Así, pues, Jesucristo es testimoniado, celebrado y servido en‑‑‑
nuestras Iglesias de Europa porque El vive en ellas. He recordado algunos de
los signos que nos lo muestran con toda evidencia. No quisiera terminar esta
segunda parte de la Relatio sin mencionar también una realidad pujante y prometedora
que por la providencia de Dios se abre camino en nuestras Iglesias: me refiero
a los llamados nuevos movimientos y comunidades eclesiales. A lo largo de este
siglo que termina han sido muchas las iniciativas de los fieles que el Espíritu
Santo ha ido suscitando en la Iglesia como respuesta a las nuevas necesidades y
a los imperativos de los tiempos. Algunas de ellas han experimentado en los
últimos años un crecimiento cuantitativo y cualitativo verdaderamente
sorprendente. Su pujanza no ha dejado de ocasionar algunas dificultades de
integración en las estructuras pastorales y jurídicas de la Iglesia. Pero no
cabe duda de que son un gran don Dios que revitaliza las Iglesias de Europa
para la evangelización de nuestros tiempos. Con sus diversos carismas hacen
presente a la Iglesia en el mundo de la cultura, de los alejados, de los
marginados, del diálogo interconfesional e interreligioso, de la familia, de
los jóvenes, en las fronteras de la misión ad gentes y en los espacios intraeclesiales
no suficientemente atendidos por otras instituciones tradicionales. De su seno
surgen numerosas vocaciones para la vida religiosa y, en especial, para el
presbiterio de nuestras diócesis.
Convocados por Vuestra Santidad, fundadores y
representantes de los movimientos y las nuevas comunidades acudieron aquí a
Roma el 30 de mayo de 1998 para dar testimonio de su comunión eclesial en torno
a Pedro y para manifestar su voluntad de poner sus carismas al servicio de la
Iglesia. Entonces escucharon del Pastor universal estas palabras: «En nuestro
mundo, frecuentemente dominado por una cultura secularizada que fomenta y
propone modelos de vida sin Dios, la fe de muchos es puesta a prueba con dureza
y no pocas veces se ve sofocada y apagada. Se advierte entonces con urgencia la
necesidad de un anuncio fuerte y de una sólida y profunda formación cristiana.

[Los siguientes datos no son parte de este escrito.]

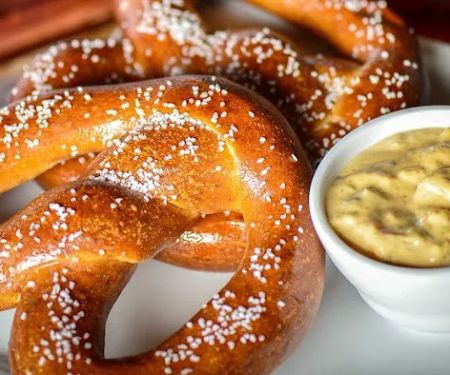 Cold Beers & Cheeseburgers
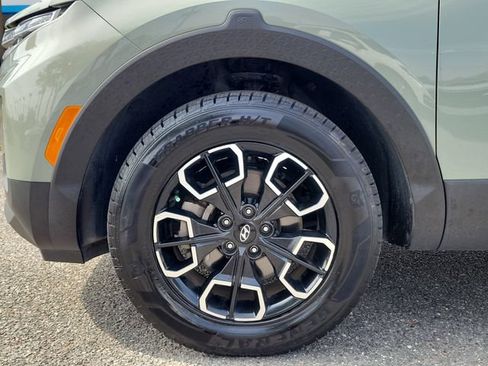 Used 2022 Hyundai Santa Cruz SE FWD image 6
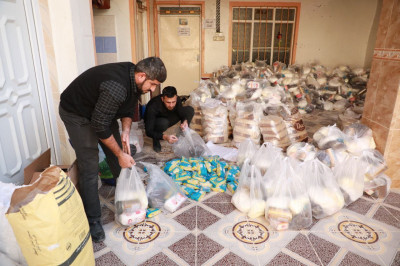 حرمِ امام حسینؑ کی جانب سے تلعفر کے مستحق خاندانوں میں راشن کی تقسیم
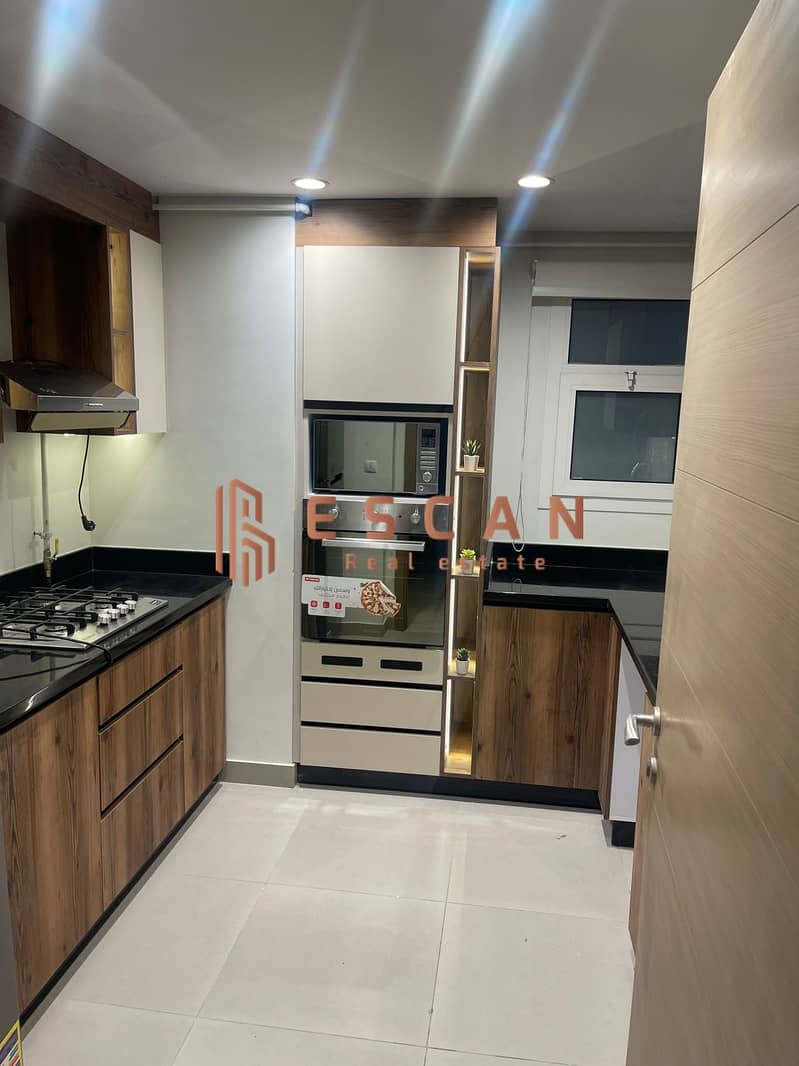 4 f9888ca7-bb49-4428-9d33-65823de30171. jpg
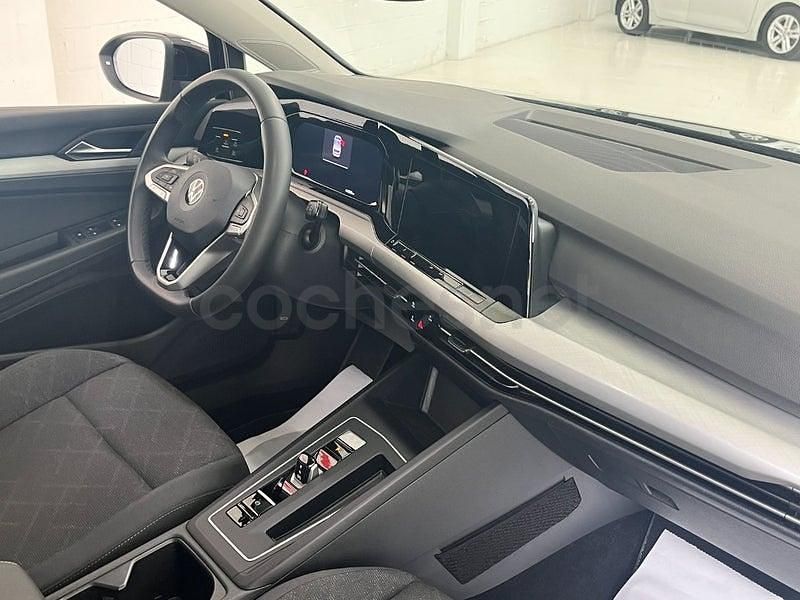 Usado VW Golf VIII Life 131 CV (96 kW) 2022 Negro Berlina
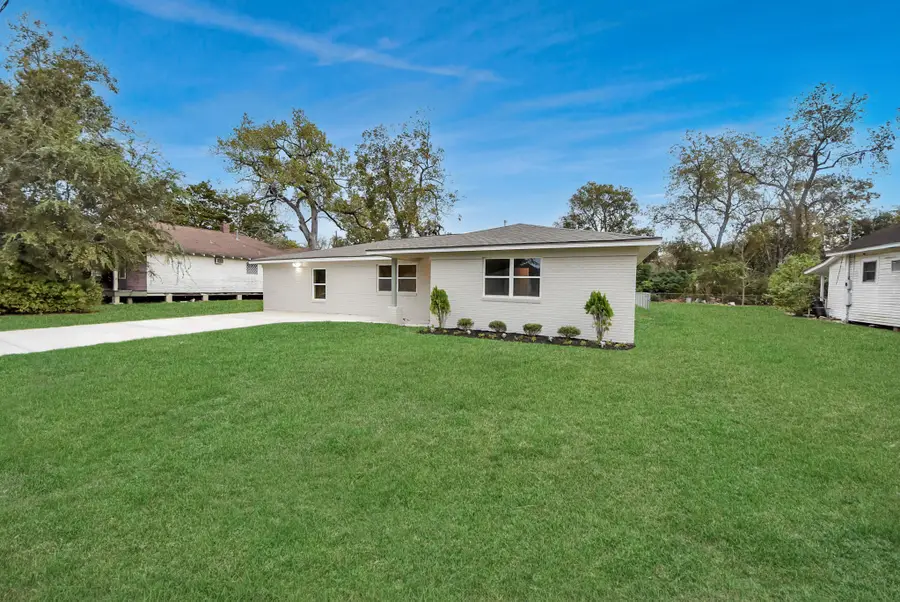 803 Coleman Street, Dayton, TX 77535 - Image #2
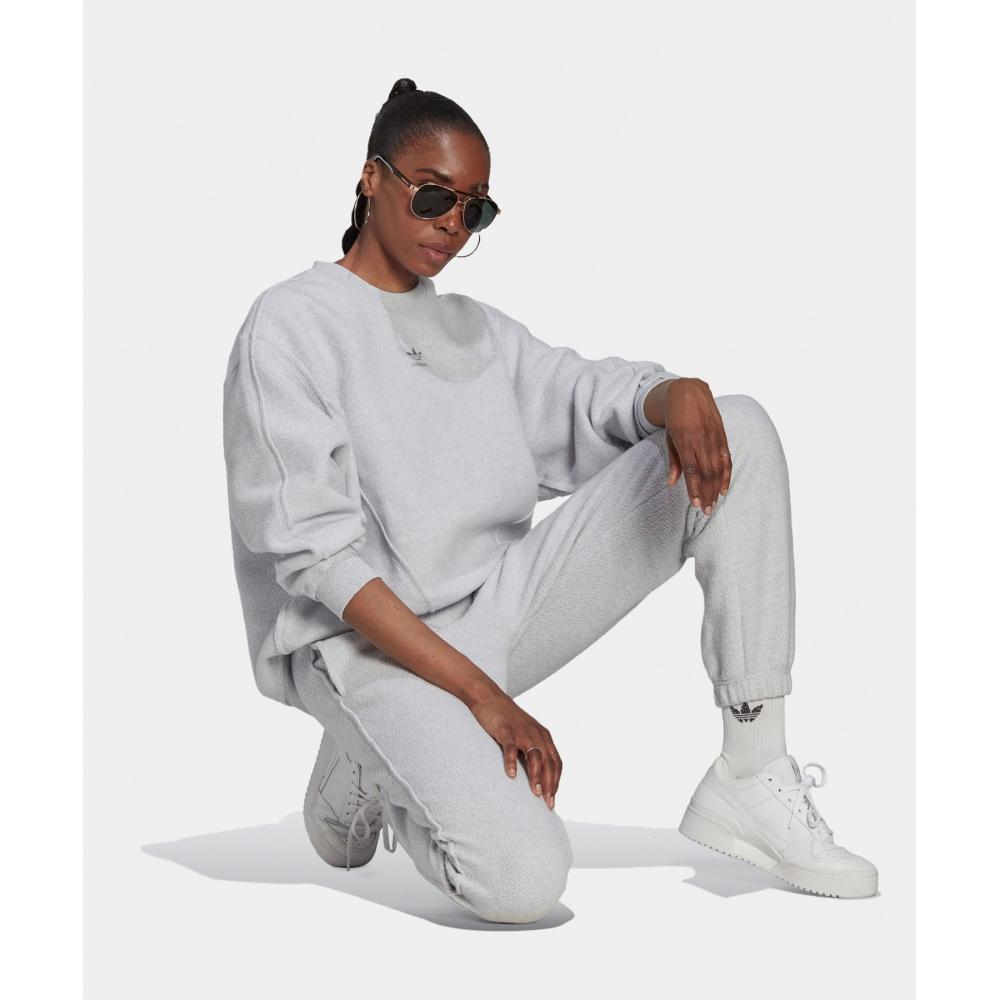 Adidas Спортивные штаны серые Hl9147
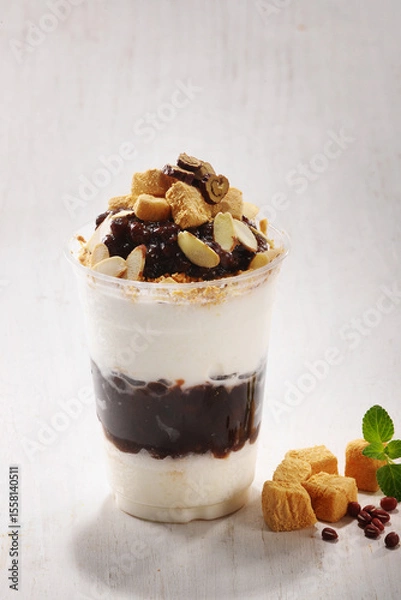 Obraz 일회용 컵에 담긴 시원하고 달콤한 팥인절미 눈꽃 빙수.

Y he aquí ahora, los movimientos y las nuevas comunidades eclesiales. Ellos son
una respuesta suscitada por el Espíritu Santo a este dramático desafío del milenio.
¡Ellos son, vosotros sois, la respuesta providencial!". En efecto, los
movimientos constituyen un reclamo significativo de que la Iglesia es animado
por la presencia del Señor. Ellos ayudan a los fieles a vivir esta presencia
como la novedad de un encuentro personal y aportan así un factor fundamental
para la nueva evangelización de Europa: el testimonio y la acción de muchos
hombres y mujeres cristianos, convertidos a Cristo y decididos a vivir para El,
dispuestos a profesar su Verdad en la comunión de la fe, celebrando sus
misterios, nutriendo en ellos su esperanza, sirviéndole con una vivencia de la
caridad en todas sus facetas, haciendo patente en sus vidas que la vocación a
la santidad es la propia de todo cristiano.